Below are records with pictures. Transcribe exactly, and only, the lines from the line with "Image of TruClothing" to the line with "Silk Soft Bucket", both ends included, but not the pictures.

[Records for this task]

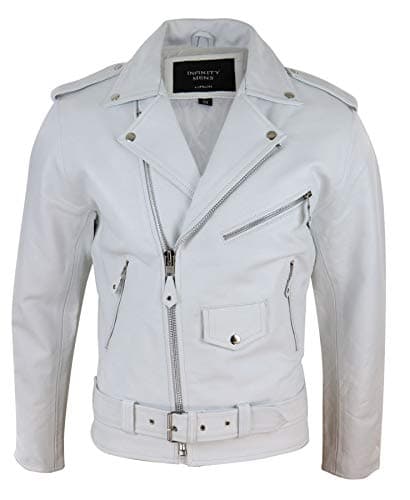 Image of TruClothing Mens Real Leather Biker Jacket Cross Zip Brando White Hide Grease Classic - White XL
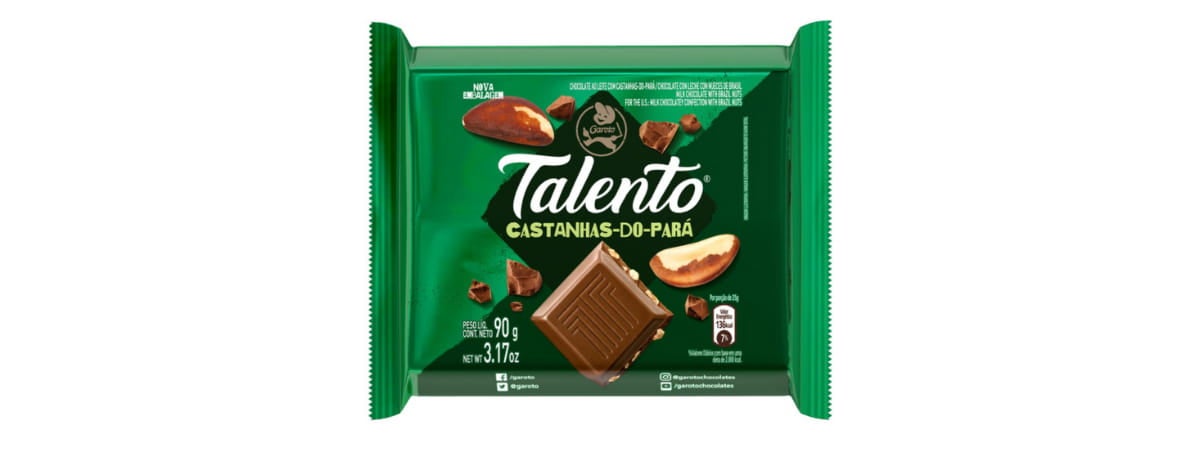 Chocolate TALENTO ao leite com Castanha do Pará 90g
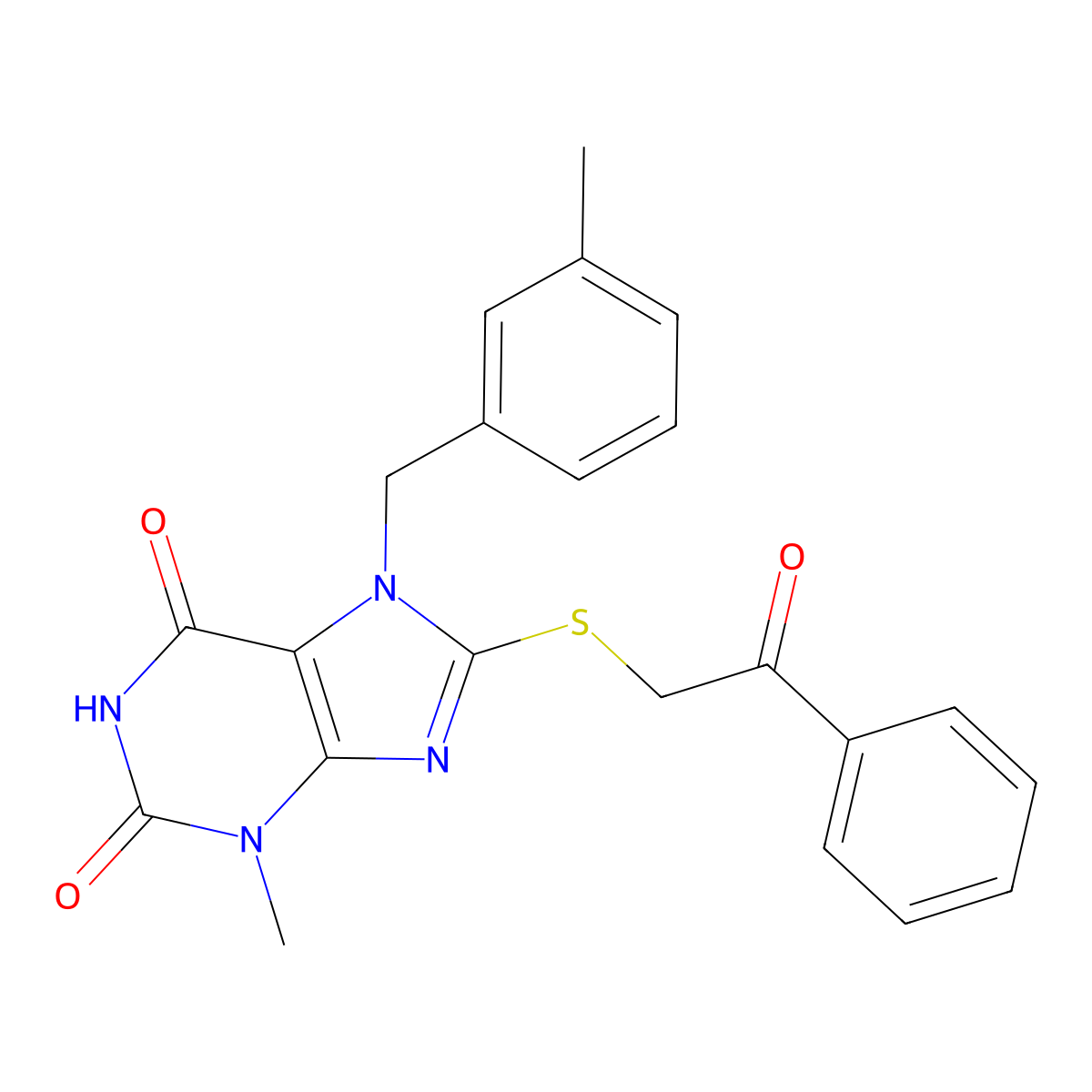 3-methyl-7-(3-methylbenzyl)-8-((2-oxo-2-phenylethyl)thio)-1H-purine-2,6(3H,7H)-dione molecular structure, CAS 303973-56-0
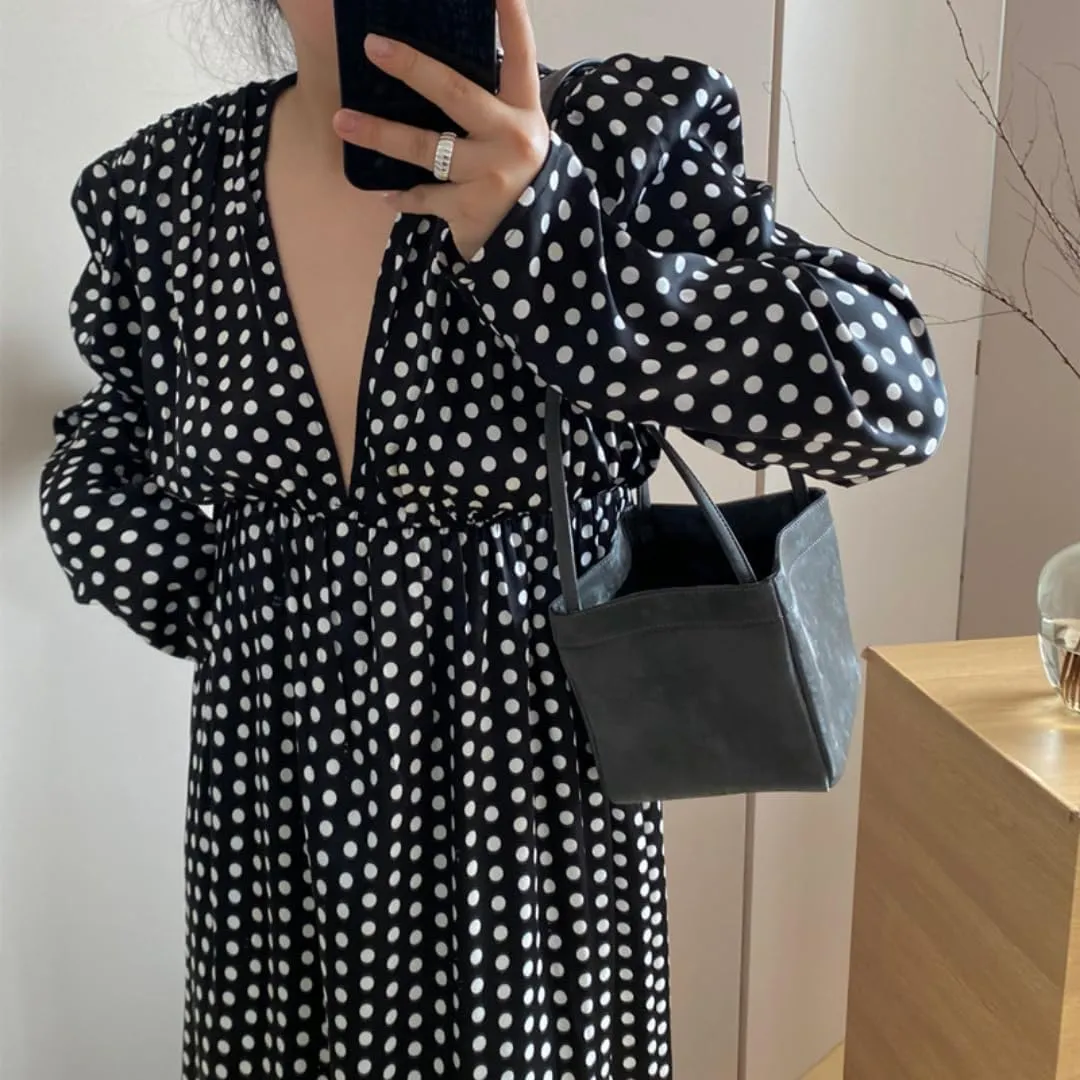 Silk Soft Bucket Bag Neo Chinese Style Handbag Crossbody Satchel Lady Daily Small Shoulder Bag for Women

[/Records for this task]
[Records for this task]

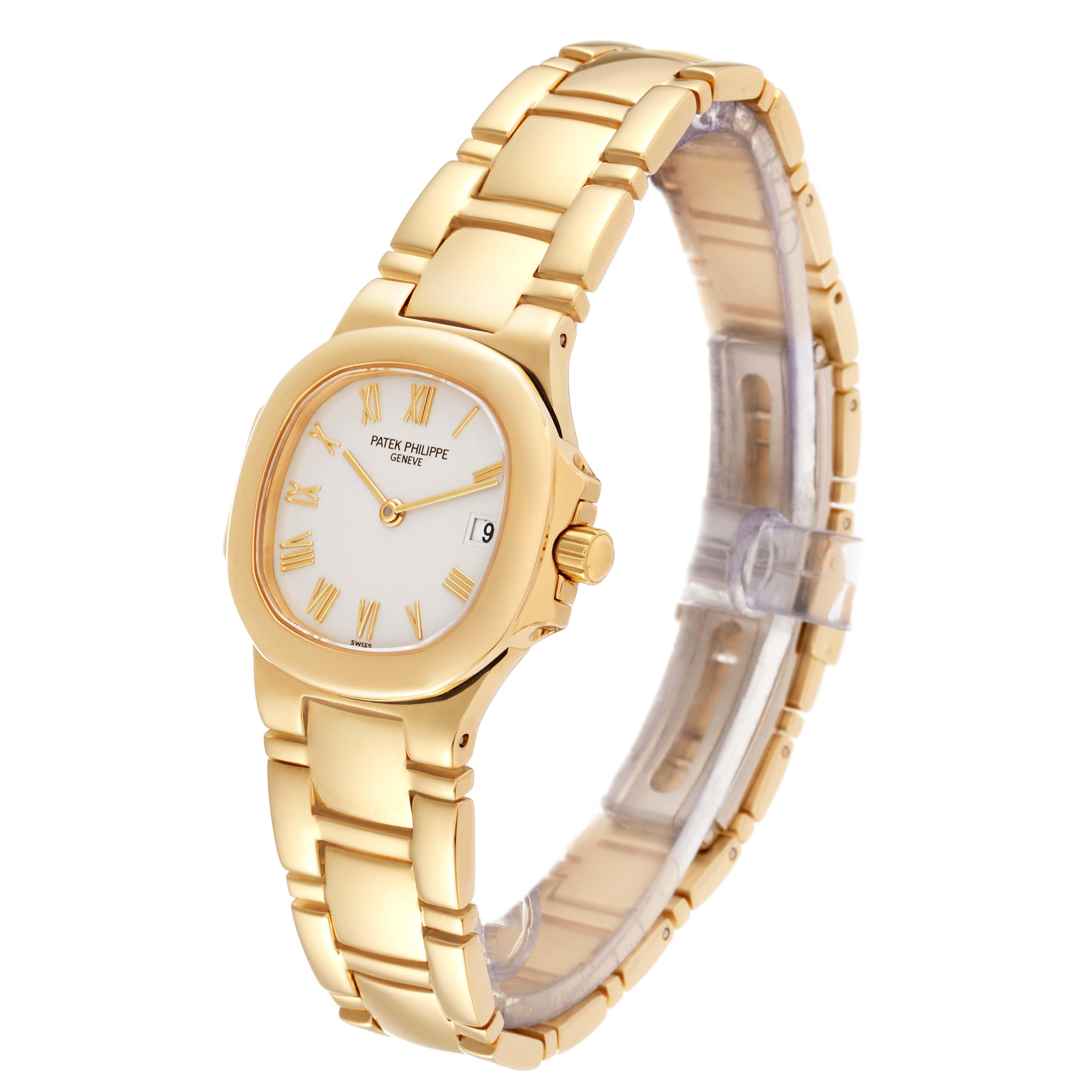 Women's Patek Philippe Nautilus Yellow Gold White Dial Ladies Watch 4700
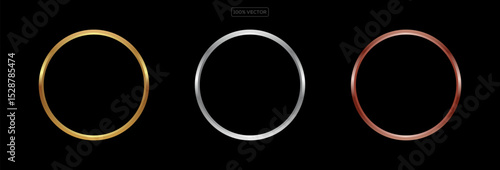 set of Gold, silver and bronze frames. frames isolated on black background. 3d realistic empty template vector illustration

[/Records for this task]
[Records for this task]

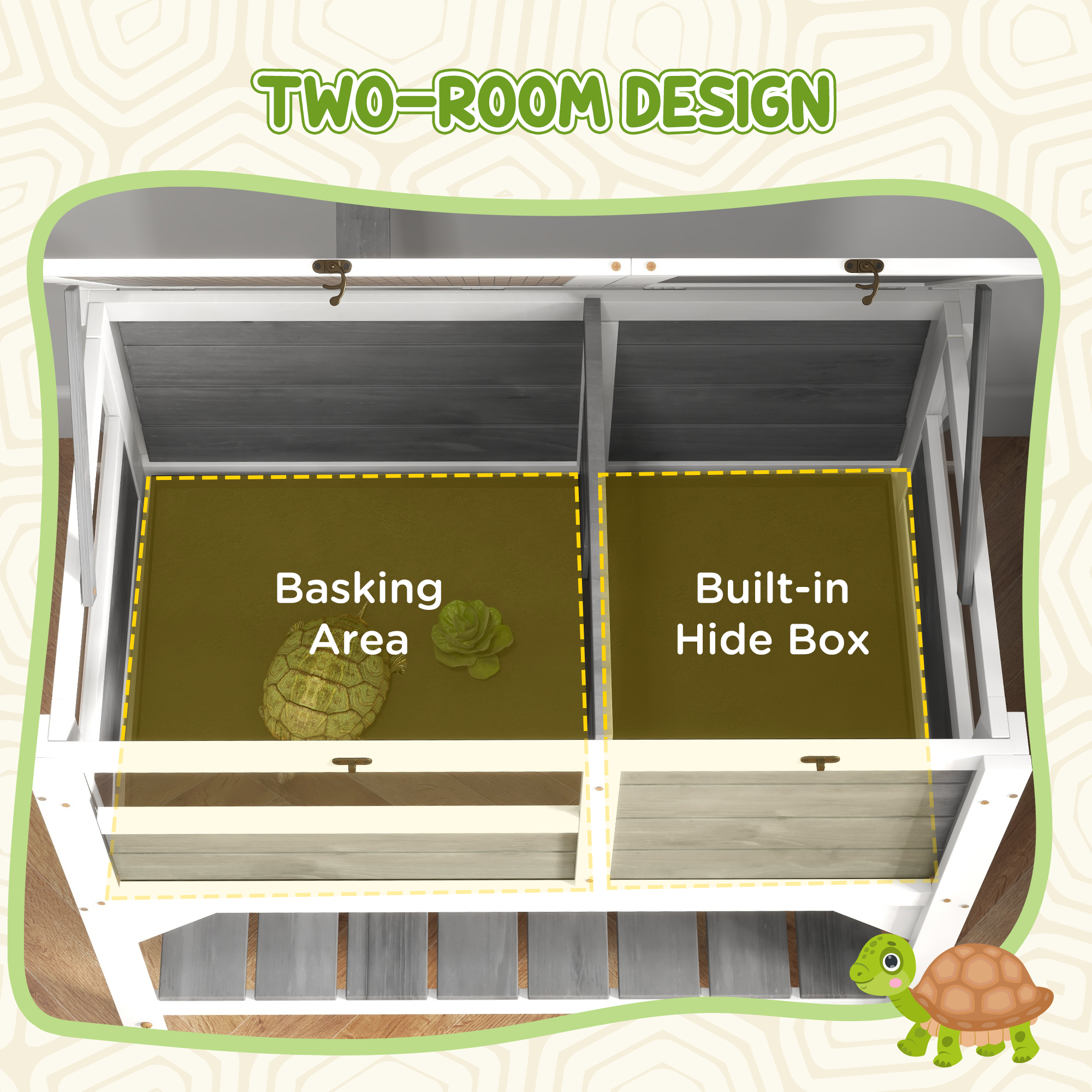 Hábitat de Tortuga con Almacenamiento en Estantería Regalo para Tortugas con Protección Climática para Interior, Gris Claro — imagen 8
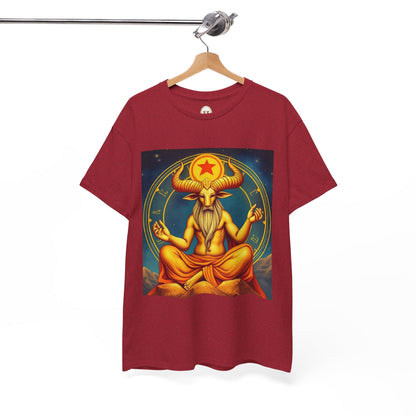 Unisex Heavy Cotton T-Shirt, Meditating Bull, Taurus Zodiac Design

[/Records for this task]

Exercise response -
 Image of TruClothing Mens Real Leather Biker Jacket Cross Zip Brando White Hide Grease Classic - White XL
 Chocolate TALENTO ao leite com Castanha do Pará 90g
 3-methyl-7-(3-methylbenzyl)-8-((2-oxo-2-phenylethyl)thio)-1H-purine-2,6(3H,7H)-dione molecular structure, CAS 303973-56-0
 Silk Soft Bucket Bag Neo Chinese Style Handbag Crossbody Satchel Lady Daily Small Shoulder Bag for Women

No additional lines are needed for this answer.